Monica67 7 Jul 2014 at 14:04  
Excellent tips, effective example, too. I might have to check out that book. Thanks!
Cholontic 8 Jul 2014 at 09:45  
I agree with Monica67! A great article, thanks for sharing!
Fairchild 9 Jul 2014 at 13:23  
This article is the truth. I have especially noticed when all the body language slows the pace to a crawl or a start-stop jerky pace.
Saa 10 Jul 2014 at 16:50  

You've said just the thing new writers need to learn to improve, without fussing about "improving"!
Mysticat 11 Jul 2014 at 02:16  
I'm so glad you've found this article helpful. I like sharing what I've learned along the way. I think all of us have room for improvement and we're in this journey together.
Flywriter 12 Jul 2014 at 16:05  
I agree with what you suggestions. I find in my own unpolished drafts, and the critiques I give to others stories here, we newish authors tend to work to hard at telling the reader what the character is doing instead of giving a hint and letting their imagination fill the scene. Good suggestions. I'll check out Margie Lawson's workshop notes.

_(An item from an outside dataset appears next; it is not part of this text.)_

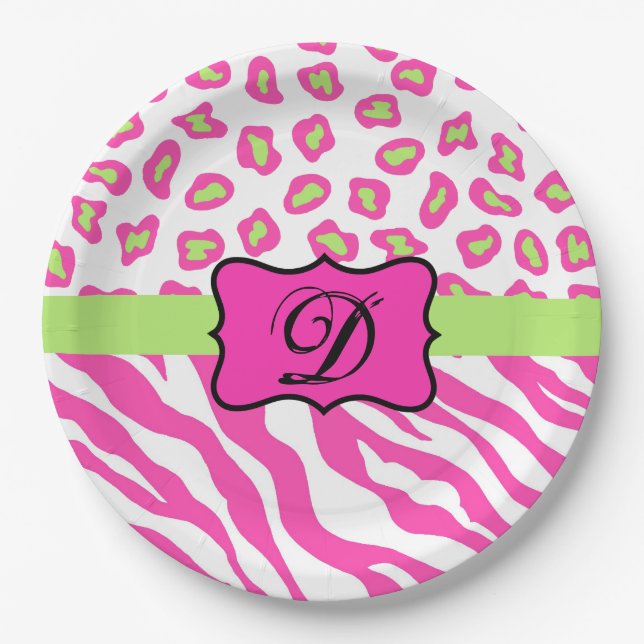 Hot Pink White zebra Leopard Skin Monogram Initial Paper Plates (Front)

Dtrevi119 23 Jul 2014 at 01:36  
Good article, this is something I've been trying to work on as I just learned I have the bad habit of over adjectiving.
Soteris 14 Aug 2014 at 20:32  
I am new to writing and this was very helpful to me for my upcoming competition. Thanks for the tips
Paplu12 14 Aug 2014 at 21:46  
Good article. Something I have always struggled with as a writer is being too wordy. As I have been writing more regularly, I really tried to focus and being as too the point as possible, and have come to use the dialogue as a tool to express what is happening in the scene. I definitely discovered that sharp dialogue could be way more effective that all of the modifiers put in to explain what was going on. I love to see someone write it out like that for all of us out there who need that little bit of insight.
Imagination is more important than knowledge for knowledge is limited to all we now know and understand, while imagination embraces the entire world, and all there ever will be to know and understand.